PROBLEM: Your task is to output every record exactly as it is given.

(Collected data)

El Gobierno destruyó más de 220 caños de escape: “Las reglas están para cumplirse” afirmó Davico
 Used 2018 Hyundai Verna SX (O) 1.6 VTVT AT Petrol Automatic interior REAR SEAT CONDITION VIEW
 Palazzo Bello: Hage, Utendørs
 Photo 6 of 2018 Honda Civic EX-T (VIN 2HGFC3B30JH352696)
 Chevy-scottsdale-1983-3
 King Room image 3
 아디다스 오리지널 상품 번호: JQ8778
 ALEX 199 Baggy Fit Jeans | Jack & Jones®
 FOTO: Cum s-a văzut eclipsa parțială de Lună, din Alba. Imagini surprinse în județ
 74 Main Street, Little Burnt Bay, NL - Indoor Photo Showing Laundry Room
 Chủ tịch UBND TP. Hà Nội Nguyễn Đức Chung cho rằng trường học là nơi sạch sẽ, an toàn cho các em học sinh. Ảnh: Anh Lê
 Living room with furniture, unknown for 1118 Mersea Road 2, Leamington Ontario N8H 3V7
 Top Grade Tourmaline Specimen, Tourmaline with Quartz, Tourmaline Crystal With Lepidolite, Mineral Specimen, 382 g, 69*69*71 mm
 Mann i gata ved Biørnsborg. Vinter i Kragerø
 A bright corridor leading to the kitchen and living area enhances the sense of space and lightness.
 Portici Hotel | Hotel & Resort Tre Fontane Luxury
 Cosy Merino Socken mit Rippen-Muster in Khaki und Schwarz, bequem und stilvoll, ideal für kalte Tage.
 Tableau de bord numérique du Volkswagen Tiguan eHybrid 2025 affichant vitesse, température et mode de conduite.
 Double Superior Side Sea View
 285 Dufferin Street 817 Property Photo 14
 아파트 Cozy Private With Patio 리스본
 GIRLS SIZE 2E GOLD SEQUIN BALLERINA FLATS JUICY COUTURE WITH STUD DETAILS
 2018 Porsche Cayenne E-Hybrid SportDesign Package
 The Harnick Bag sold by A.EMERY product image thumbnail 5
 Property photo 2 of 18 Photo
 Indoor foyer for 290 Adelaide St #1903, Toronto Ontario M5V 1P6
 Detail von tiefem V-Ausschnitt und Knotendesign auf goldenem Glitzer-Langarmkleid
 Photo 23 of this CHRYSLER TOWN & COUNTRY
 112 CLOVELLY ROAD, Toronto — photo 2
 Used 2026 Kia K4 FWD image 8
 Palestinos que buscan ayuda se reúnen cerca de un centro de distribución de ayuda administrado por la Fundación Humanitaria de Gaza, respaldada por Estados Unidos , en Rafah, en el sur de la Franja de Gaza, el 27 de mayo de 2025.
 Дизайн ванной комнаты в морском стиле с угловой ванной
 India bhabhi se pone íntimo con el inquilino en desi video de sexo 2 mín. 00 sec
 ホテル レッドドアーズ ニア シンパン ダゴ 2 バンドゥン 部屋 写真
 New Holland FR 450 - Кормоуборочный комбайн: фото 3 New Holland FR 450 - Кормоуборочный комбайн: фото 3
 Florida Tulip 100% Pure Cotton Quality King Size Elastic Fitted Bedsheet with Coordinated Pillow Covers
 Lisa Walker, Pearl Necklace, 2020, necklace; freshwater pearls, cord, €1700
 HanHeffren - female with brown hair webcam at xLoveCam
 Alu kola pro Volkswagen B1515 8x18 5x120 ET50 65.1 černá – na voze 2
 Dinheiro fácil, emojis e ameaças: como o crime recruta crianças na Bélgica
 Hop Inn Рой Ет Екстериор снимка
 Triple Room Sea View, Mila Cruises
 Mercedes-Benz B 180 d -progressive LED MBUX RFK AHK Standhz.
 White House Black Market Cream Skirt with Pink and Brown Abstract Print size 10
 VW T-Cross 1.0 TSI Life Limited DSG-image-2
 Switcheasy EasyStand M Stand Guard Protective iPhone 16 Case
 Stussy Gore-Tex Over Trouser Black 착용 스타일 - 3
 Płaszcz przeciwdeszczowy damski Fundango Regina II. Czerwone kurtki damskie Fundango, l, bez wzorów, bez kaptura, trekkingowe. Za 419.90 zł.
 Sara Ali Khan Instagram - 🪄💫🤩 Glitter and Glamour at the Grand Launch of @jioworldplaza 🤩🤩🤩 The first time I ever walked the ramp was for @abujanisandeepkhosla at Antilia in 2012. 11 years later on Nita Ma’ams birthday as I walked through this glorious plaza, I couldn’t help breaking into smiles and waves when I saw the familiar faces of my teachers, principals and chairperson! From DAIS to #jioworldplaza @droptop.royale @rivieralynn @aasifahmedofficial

ANSWER FOR THIS EXERCISE:
El Gobierno destruyó más de 220 caños de escape: “Las reglas están para cumplirse” afirmó Davico
 Used 2018 Hyundai Verna SX (O) 1.6 VTVT AT Petrol Automatic interior REAR SEAT CONDITION VIEW
 Palazzo Bello: Hage, Utendørs
 Photo 6 of 2018 Honda Civic EX-T (VIN 2HGFC3B30JH352696)
 Chevy-scottsdale-1983-3
 King Room image 3
 아디다스 오리지널 상품 번호: JQ8778
 ALEX 199 Baggy Fit Jeans | Jack & Jones®
 FOTO: Cum s-a văzut eclipsa parțială de Lună, din Alba. Imagini surprinse în județ
 74 Main Street, Little Burnt Bay, NL - Indoor Photo Showing Laundry Room
 Chủ tịch UBND TP. Hà Nội Nguyễn Đức Chung cho rằng trường học là nơi sạch sẽ, an toàn cho các em học sinh. Ảnh: Anh Lê
 Living room with furniture, unknown for 1118 Mersea Road 2, Leamington Ontario N8H 3V7
 Top Grade Tourmaline Specimen, Tourmaline with Quartz, Tourmaline Crystal With Lepidolite, Mineral Specimen, 382 g, 69*69*71 mm
 Mann i gata ved Biørnsborg. Vinter i Kragerø
 A bright corridor leading to the kitchen and living area enhances the sense of space and lightness.
 Portici Hotel | Hotel & Resort Tre Fontane Luxury
 Cosy Merino Socken mit Rippen-Muster in Khaki und Schwarz, bequem und stilvoll, ideal für kalte Tage.
 Tableau de bord numérique du Volkswagen Tiguan eHybrid 2025 affichant vitesse, température et mode de conduite.
 Double Superior Side Sea View
 285 Dufferin Street 817 Property Photo 14
 아파트 Cozy Private With Patio 리스본
 GIRLS SIZE 2E GOLD SEQUIN BALLERINA FLATS JUICY COUTURE WITH STUD DETAILS
 2018 Porsche Cayenne E-Hybrid SportDesign Package
 The Harnick Bag sold by A.EMERY product image thumbnail 5
 Property photo 2 of 18 Photo
 Indoor foyer for 290 Adelaide St #1903, Toronto Ontario M5V 1P6
 Detail von tiefem V-Ausschnitt und Knotendesign auf goldenem Glitzer-Langarmkleid
 Photo 23 of this CHRYSLER TOWN & COUNTRY
 112 CLOVELLY ROAD, Toronto — photo 2
 Used 2026 Kia K4 FWD image 8
 Palestinos que buscan ayuda se reúnen cerca de un centro de distribución de ayuda administrado por la Fundación Humanitaria de Gaza, respaldada por Estados Unidos , en Rafah, en el sur de la Franja de Gaza, el 27 de mayo de 2025.
 Дизайн ванной комнаты в морском стиле с угловой ванной
 India bhabhi se pone íntimo con el inquilino en desi video de sexo 2 mín. 00 sec
 ホテル レッドドアーズ ニア シンパン ダゴ 2 バンドゥン 部屋 写真
 New Holland FR 450 - Кормоуборочный комбайн: фото 3 New Holland FR 450 - Кормоуборочный комбайн: фото 3
 Florida Tulip 100% Pure Cotton Quality King Size Elastic Fitted Bedsheet with Coordinated Pillow Covers
 Lisa Walker, Pearl Necklace, 2020, necklace; freshwater pearls, cord, €1700
 HanHeffren - female with brown hair webcam at xLoveCam
 Alu kola pro Volkswagen B1515 8x18 5x120 ET50 65.1 černá – na voze 2
 Dinheiro fácil, emojis e ameaças: como o crime recruta crianças na Bélgica
 Hop Inn Рой Ет Екстериор снимка
 Triple Room Sea View, Mila Cruises
 Mercedes-Benz B 180 d -progressive LED MBUX RFK AHK Standhz.
 White House Black Market Cream Skirt with Pink and Brown Abstract Print size 10
 VW T-Cross 1.0 TSI Life Limited DSG-image-2
 Switcheasy EasyStand M Stand Guard Protective iPhone 16 Case
 Stussy Gore-Tex Over Trouser Black 착용 스타일 - 3
 Płaszcz przeciwdeszczowy damski Fundango Regina II. Czerwone kurtki damskie Fundango, l, bez wzorów, bez kaptura, trekkingowe. Za 419.90 zł.
 Sara Ali Khan Instagram - 🪄💫🤩 Glitter and Glamour at the Grand Launch of @jioworldplaza 🤩🤩🤩 The first time I ever walked the ramp was for @abujanisandeepkhosla at Antilia in 2012. 11 years later on Nita Ma’ams birthday as I walked through this glorious plaza, I couldn’t help breaking into smiles and waves when I saw the familiar faces of my teachers, principals and chairperson! From DAIS to #jioworldplaza @droptop.royale @rivieralynn @aasifahmedofficial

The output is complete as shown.